*Task statement*: Check each line of the data for "bằng", and copy the ones that have it.

Records drawn from a dataset:
+===+
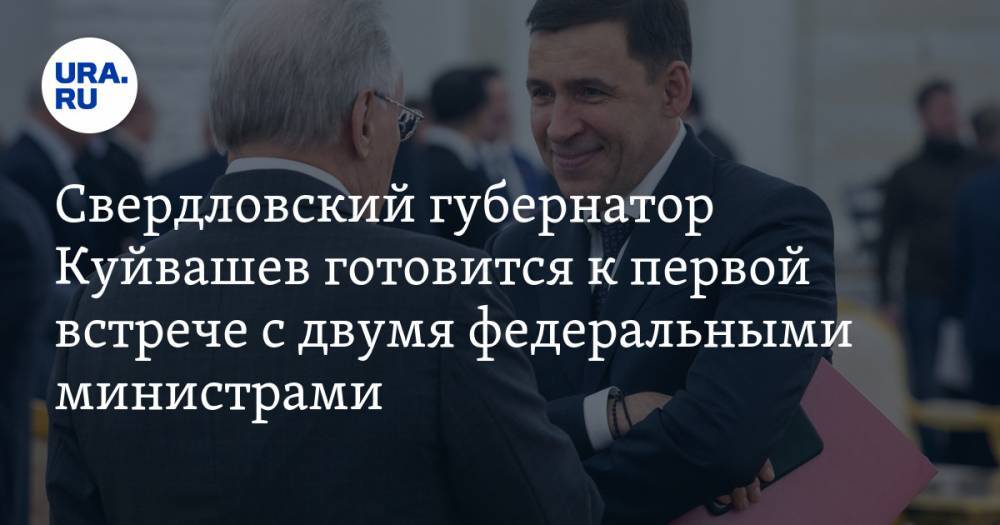 Свердловский губернатор Куйвашев готовится к первой встрече с двумя федеральными министрами — URA.RU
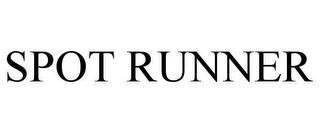 SPOT RUNNER trademark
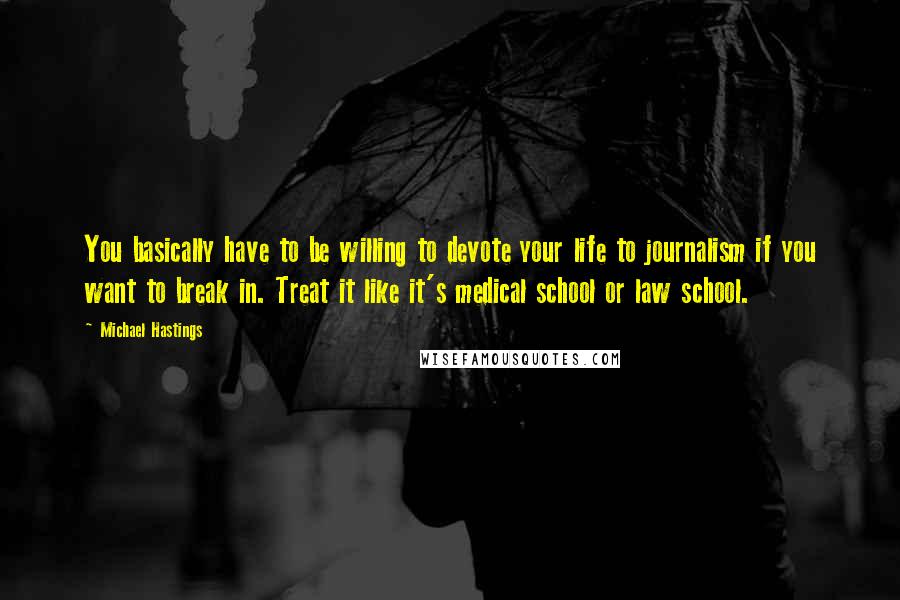 Michael Hastings Quotes: You basically have to be willing to devote your life to journalism if you want to break in. Treat it like it's medical school or law school.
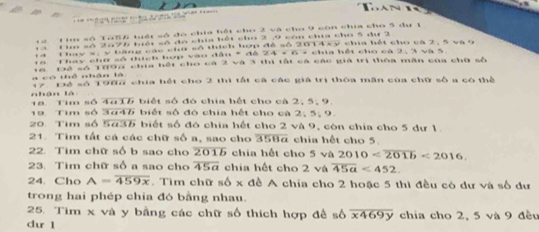 1 2 Tim số TaS6 tuái số đó chia hết cho 2 và cho 9 còn chia cho 3 dự 1
1 3 Cio số 2476 biểi số đó chia hết cho 2 , 9 còn chia cho 5 đư 2
14 Thay s, y bằng các cho số thích hợp đề số 2014xy chia hết cho cá 2, 5 và 9
18 Thay chữ số thích hợp vào đầu * đế 24 + 6 - chia hết cho cá 2, 3 và 5
có thể nhân là 16 Để số 1893 chía hết cho cá 2 và 3 thị tất cá các giả trị thóa măn của chữ số
17 Để số 1986 chía hết cho 2 thì tắt cá các giả trị thôa măn của chữ số a có thể 
nhận là 18. Tim số 4215 biết số đó chia hết cho cả 2, 5, 9. 
19 Tim số 3# 46 biết số đó chia hết cho cà 2, 5, 9. 
20. Tim số 543 biết số đó chia hết cho 2 và 9, còn chía cho 5 dư 1. 
21. Tìm tất cả các chữ số a, sao cho overline 358a chia hết cho 5
22. Tìm chữ số b sao cho 2015 chia hết cho 5 và 2010 <2016</tex>. 
23. Tim chữ số a sao cho overline 45a chia hết cho 2 và overline 45a<452</tex>. 
24.Cho A=overline 459x. Tìm chữ số x đề A chia cho 2 hoặc 5 thì đều có dư và số dư 
trong hai phép chia đó bằng nhau. 
25. Tìm x và y bằng các chữ số thích hợp đề số overline x469y
du 1 chia cho 2, 5 và 9 đều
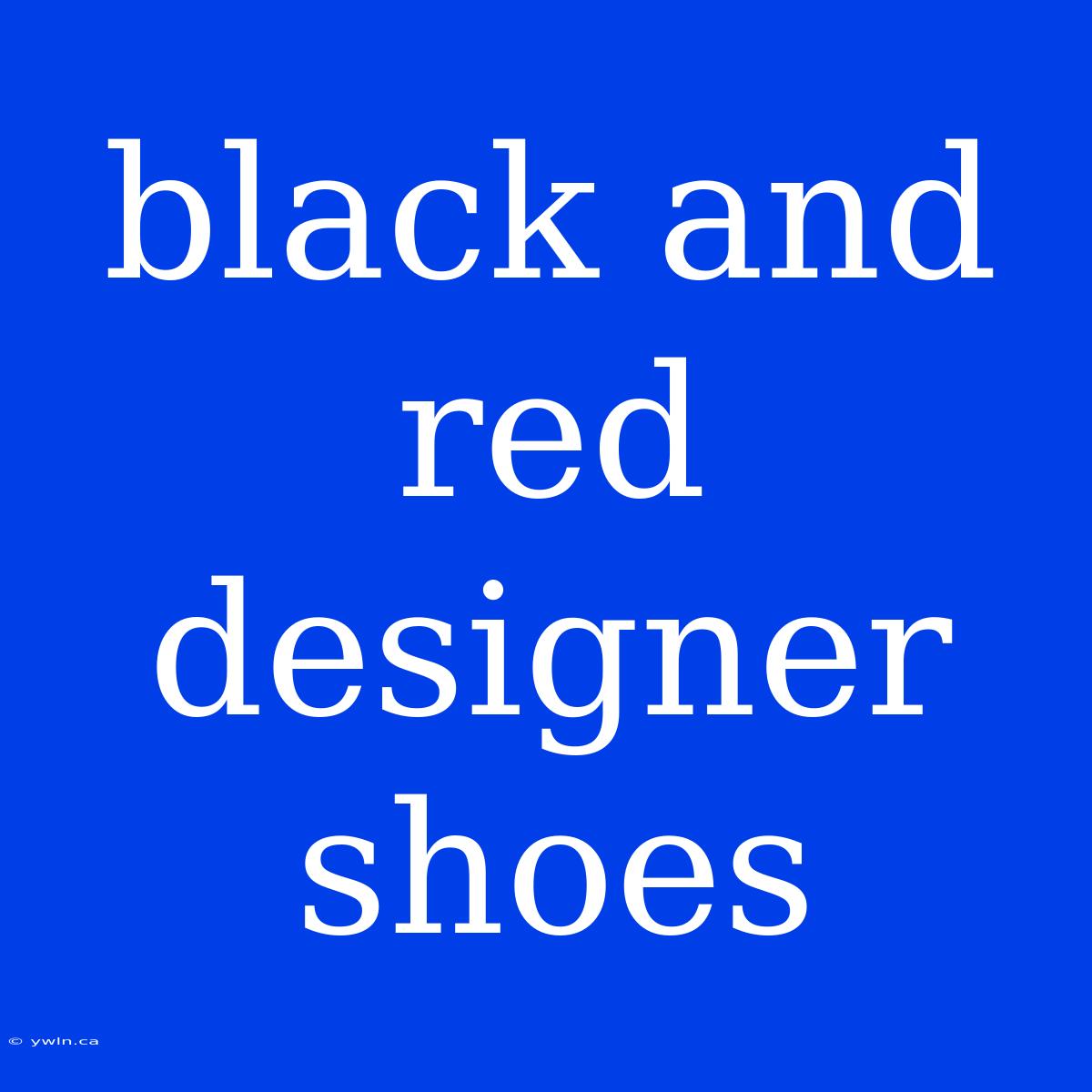 Black And Red Designer Shoes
+===+
*Written response*:
14 Thay s, y bằng các cho số thích hợp đề số 2014xy chia hết cho cá 2, 5 và 9
trong hai phép chia đó bằng nhau. 
25. Tìm x và y bằng các chữ số thích hợp đề số overline x469y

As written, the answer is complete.